How should I start Factoring this?

Question

So im supposted to factor this and I'm not sure where to start, where should I start? $$2x^5 + 3x^4 -10x^3 -15x^2 + 8x + 12$$

Answer 1

To approach this sort of problem, I usually proceed in one of two ways:

• The brutal approach: pose $P(x) = \prod_i (x - \alpha_i)$ and find all $\alpha_i$ at once. Note: you have to adapt this approach when the highest-order coefficient is not one.
• The fine approach: I try to check if any integer, most notably 1, -1 or 2, -2 are roots of the polynomial. If they are, then I would factorize accordingly.

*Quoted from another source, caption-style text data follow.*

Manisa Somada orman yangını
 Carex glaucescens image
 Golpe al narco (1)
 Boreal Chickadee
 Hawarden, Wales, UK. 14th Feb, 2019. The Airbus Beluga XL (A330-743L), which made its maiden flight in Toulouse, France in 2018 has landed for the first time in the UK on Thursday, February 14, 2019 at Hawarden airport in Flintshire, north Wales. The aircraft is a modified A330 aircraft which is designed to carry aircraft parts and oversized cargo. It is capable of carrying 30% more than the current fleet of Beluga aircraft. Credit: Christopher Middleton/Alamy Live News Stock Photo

In your case, 1 is a root, and so is -1. So you can start looking for a new degree-3 polynomial $Q(x)$ that satisfies $P(x) = (x-1)(x+1)Q(x)$

Then, try to the factor the rest.

Answer 2

Note, for $f(x)=2x^5+3x^4−10x^3−15x^2+8x+12$, $$f(1)=f(-1)=f(2)=f(-2)=f(-\frac{3}{2})=0$$

Using synthetic divisions with $1$ and $-1$, you get that $$f(x)=(x+1)(x-1)(2x^3+3x^2-8x-12)$$

You can use the other roots to further factor the degree-3 polynomial.